Italy’s “war” with international debt markets has sent borrowing costs soaring for its traditionally prudently managed private companies, stifling their efforts to invest in competing more strongly with rivals in Germany and beyond.
Just as Italian Prime Minister Mario Monti tries to fix the problems that have hindered Italy’s private sector for decades, notably its legendary official red tape, companies are paying significantly more to borrow than competitors to the north.
The European Central Bank (ECB) has slashed its interest rates and showered banks with cheap cash in the hope they will lend to companies and consumers in the struggling southern nations such as Italy, which have been worst hit by the eurozone crisis.
Yet at the same time, a jump in Italy’s borrowing costs on the sovereign bond market has dragged up interest rates on bank loans to Italian industry.
“We used to be able to borrow at 2.5 percent to 3 percent. But since this war of the sovereign bond spreads began, things have changed dramatically,” Marly’s chairman Paolo Bastianello said. “The cost of credit has certainly risen by a couple of percentage points.”
Marly’s is the kind of Italian manufacturer that typically competes strongly on international markets, making high-end women’s clothes under its own label and for top fashion brands such as Carlo Pignatelli and Kathleen Madden.
A company with annual sales of 16.5 million euros (US$20.5 million), Marly’s is based near the historic city of Vicenza in Veneto, a region thick with small and medium-sized companies (SMEs) which have long exported goods and components to the huge German market across the Alps.
Even though the ECB’s benchmark rate has fallen to a record low of 0.75 percent, the cost of corporate credit in Italy now reflects more the general risk associated with the state and the cost of sustaining its mammoth 2 trillion euro debt.
Italy’s conservative companies, which have avoided taking on the huge debt burdens typical in the Anglo-Saxon world and fellow eurozone struggler Spain, are paying the price for a state debt equal to 120 percent of annual economic output.
At 81 percent of GDP, total net indebtedness of Italian non-financial the UK, France and Spain, although slightly higher than in Germany, according to Bank of Italy data.
However, Italian firms rely on banks for 70 percent of their financial debt, a higher share than the European average.

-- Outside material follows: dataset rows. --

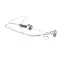 Rational 44.01.417P FILLING LEVEL ELECTRODE 90 MM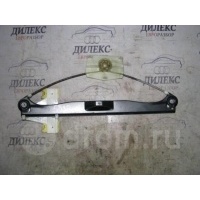 стеклоподъемник электр. Audi A3 [8P1] 2003-2013 2007 8p4839462B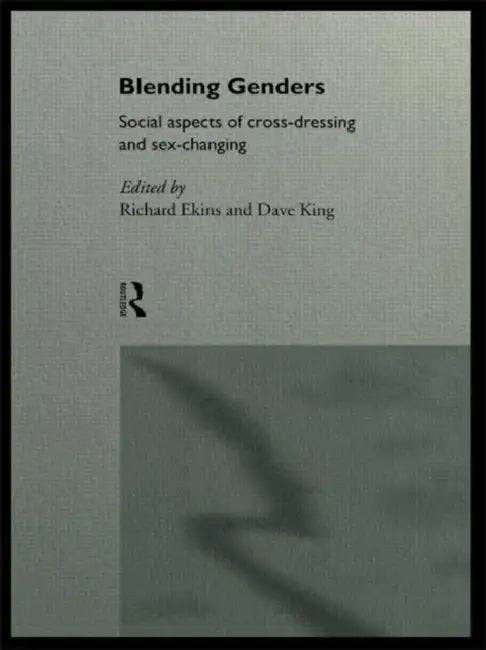 Blending Genders by Richard Ekins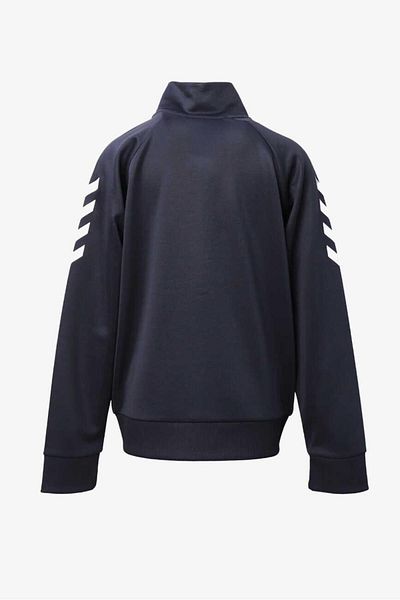 hummel Black Jaromir Pants Men's Tracksuit -921136-1322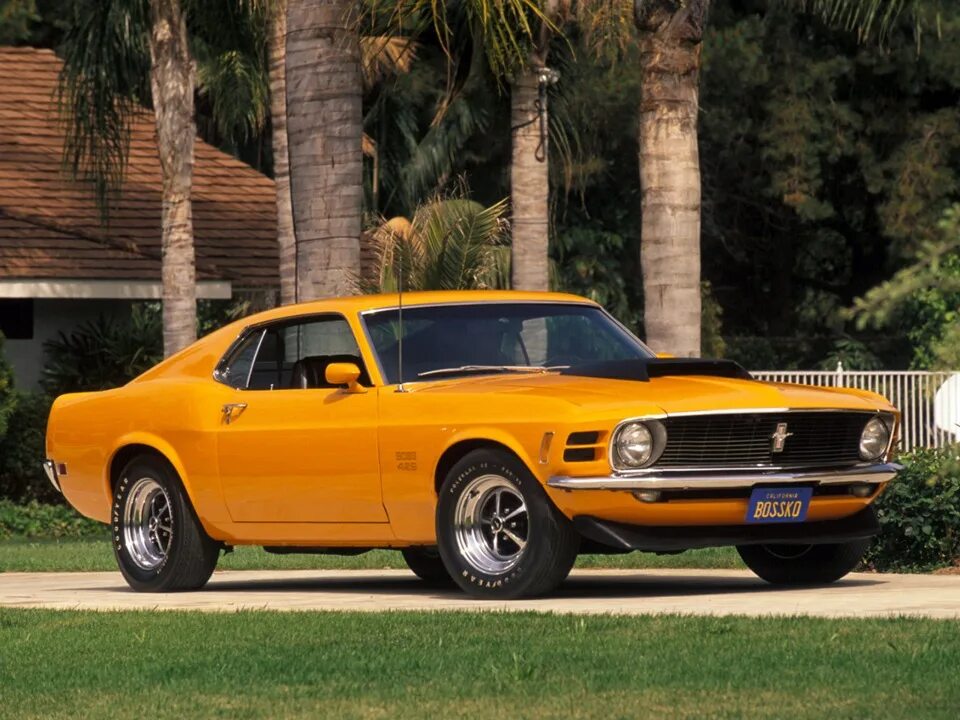 Мустанг 60. Ford Mustang Boss 429. Ford Mustang Boss 1970. Ford Mustang Boss 429 1970. Форд Мустанг босс 429 1970 года.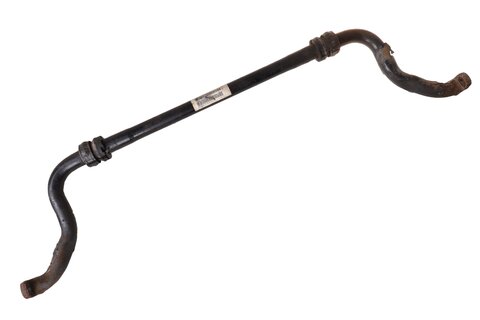 Stabilizátor přední 38X5,4mm zelená 7L0411025G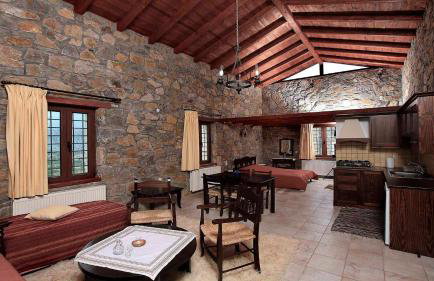 Arodamos Guesthouse - Foto 5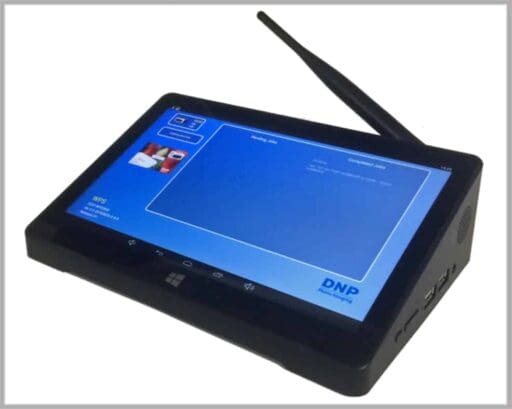 Wireless Print Server PRO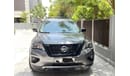 Nissan Pathfinder SL, 4WD, Rock Creek Edition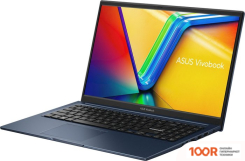Ноутбук ASUS VIVOBOOK 15 X1504ZA-BQ1186 (196544)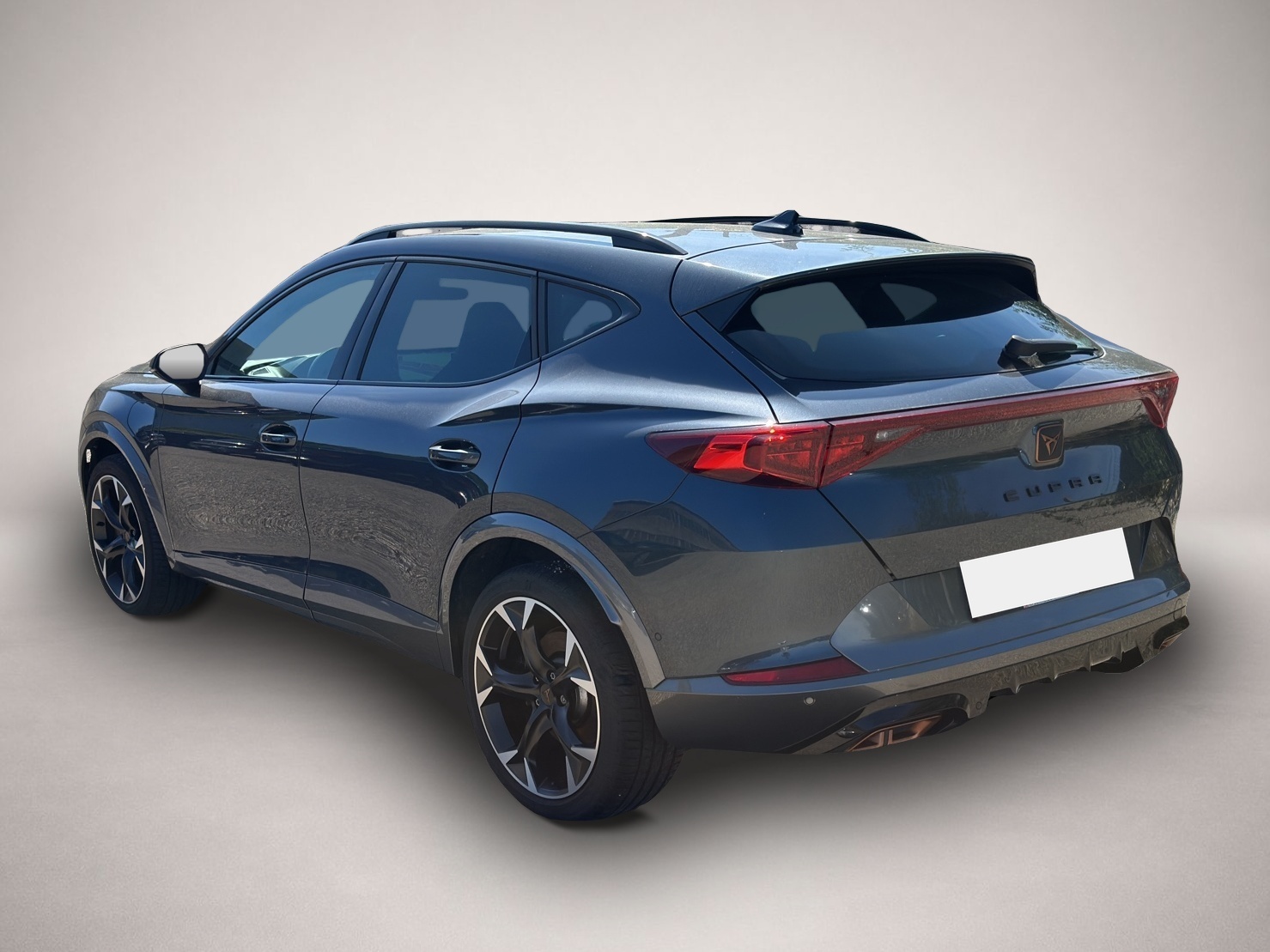 Bild 4 Cupra Formentor 1.4 TSI eHybrid DSG VZ KAMERA NAVI LED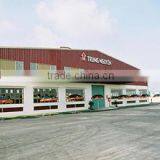 Trung Nguyen Group Corporation company overview - view 2 thumbnail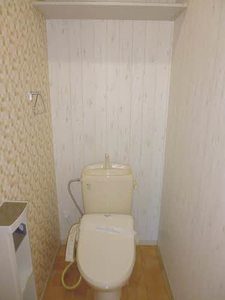 プレステージ A202号-5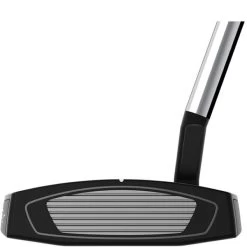 Taylormade Spider GT Black Small Slant Putter -Fairway Fusion spider gt small slant 3 black putter face view 1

This makes them dependent on banks’ lending policies and vulnerable to domestic economic developments.
ECB data released on Wednesday showed that companies in Italy paid on average a 4.57 percent interest rate in June for short-term loans of up to 1 million euros. This compares with just 3.37 percent paid by their German competitors and is half a percentage point higher than the eurozone average.
Yet 18 months ago, before being engulfed in the eurozone crisis, Italian companies could get small short-term loans at 3.22 percent, below the euro average and Germany, ECB data show.

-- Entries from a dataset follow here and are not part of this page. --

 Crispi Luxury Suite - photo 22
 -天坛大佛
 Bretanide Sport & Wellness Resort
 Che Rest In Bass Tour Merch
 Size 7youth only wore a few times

Companies from the largest corporations to the smallest family businesses have now fallen foul of the rule that private borrowers must be a greater credit risk than the governments of the country where they are based.
Italian firms, like many around Europe, have long found it hard to match their German competitors’ high productivity. However, if they borrow now to fund productivity improvements, their disadvantage simply grows.